Innanzitutto solo in Italia si usa il termine termovalorizzatore, in qualsiasi altro paese li chiamano inceneritori perché è quello che sono. Qui invece si sceglie un termine che dia loro una connotazione positiva che nella realtà dei fatti non c’è. Infatti, il recupero energetico che si ottiene è infinitamente minore rispetto al valore dei rifiuti che bruciano, che potrebbero invece diventare materia prima seconda.

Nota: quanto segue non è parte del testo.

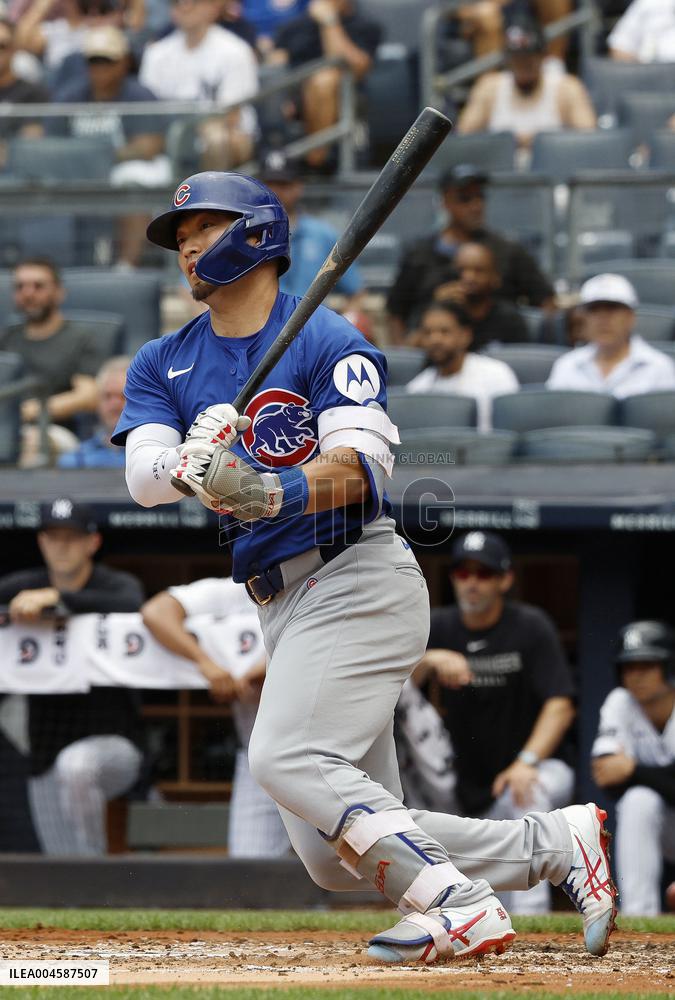 Baseball: Cubs vs. Yankees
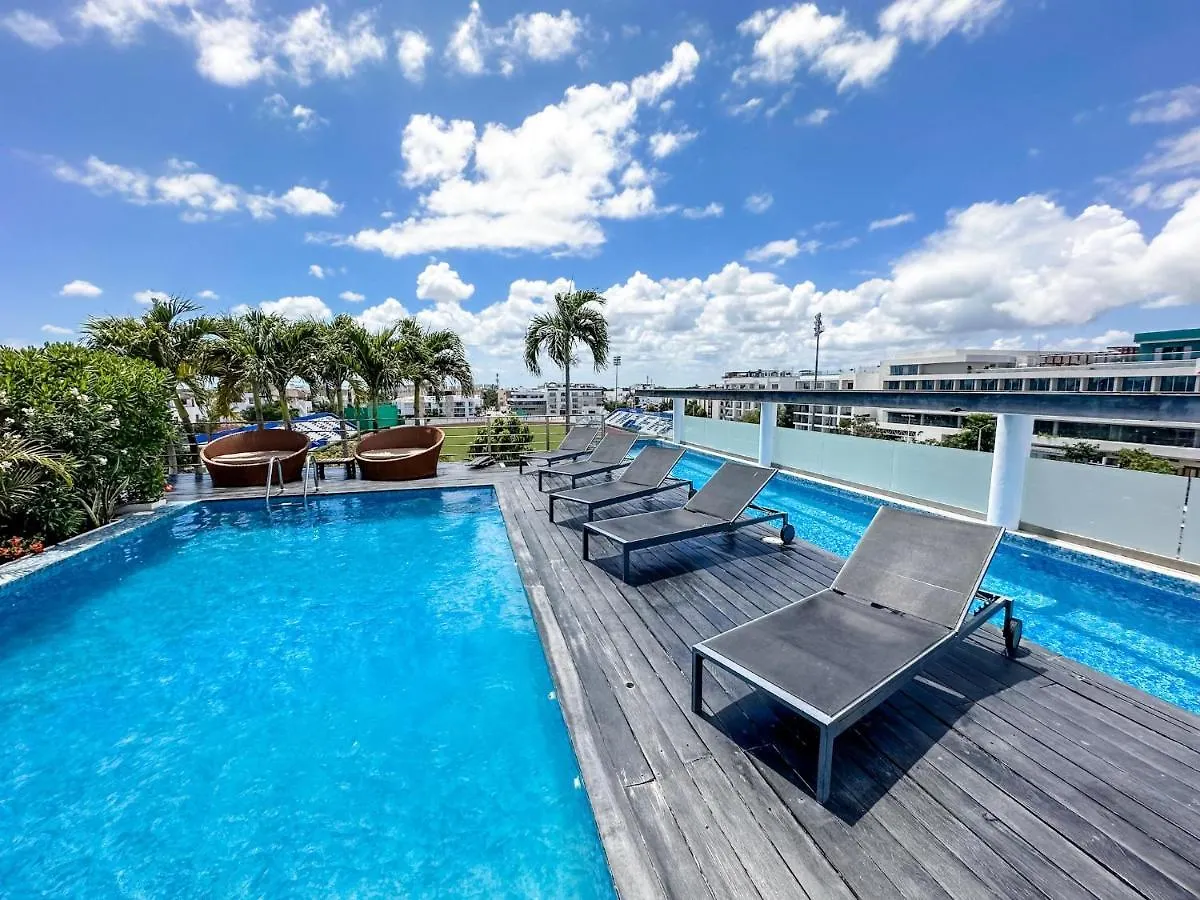 Dca01 Spectacular N Cozy Condo W Outdoor Bathtub Playa del Carmen Apartment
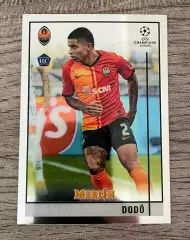 Карточка новичка Dodo FC Shakhtar Donetsk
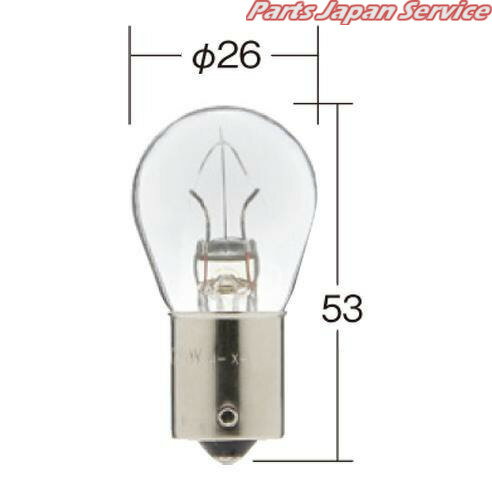 4610 24V25W BA15s S25電球 コイト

Quelli di cui parla Salvini sono impianti molto grandi che producono una filiera fatta di sprechi senza risolvere il problema alla radice.
Perché non risolvono il problema dello smaltimento?
L’immondizia bruciata non sparisce: a valle del processo, si creano ceneri che vanno smaltite necessariamente in discarica e così torniamo da capo con il problema dei rifiuti. La combustione non genera solo CO2 ma anche nanoparticelle, dannose per la salute. Inoltre sono impianti incompatibili con le direttive europee: entro il 2025 almeno il 55% dei rifiuti urbani domestici e commerciali deve essere riciclato, il 65% entro il 2035. Con questi livelli di differenziata gli inceneritori già esistenti restano senza materiale da bruciare. Del resto abbiamo la prova nella città in cui sono nata, Brescia: 25 anni fa eravamo all’avanguardia poi a causa della costruzione dell’inceneritore il comune ha smesso di spingere su raccolta e riciclo, così nel 2016 eravamo inchiodati al 37,6% di differenziata. Adesso l’amministrazione ha deciso di invertire la tendenza, senza l’impianto ci troveremmo molto più avanti. Inoltre, circa il 50% dei rifiuti urbani deriva dagli imballaggi, basterebbe cambiare i packaging per tagliare drasticamente la quantità di immondizia prodotta.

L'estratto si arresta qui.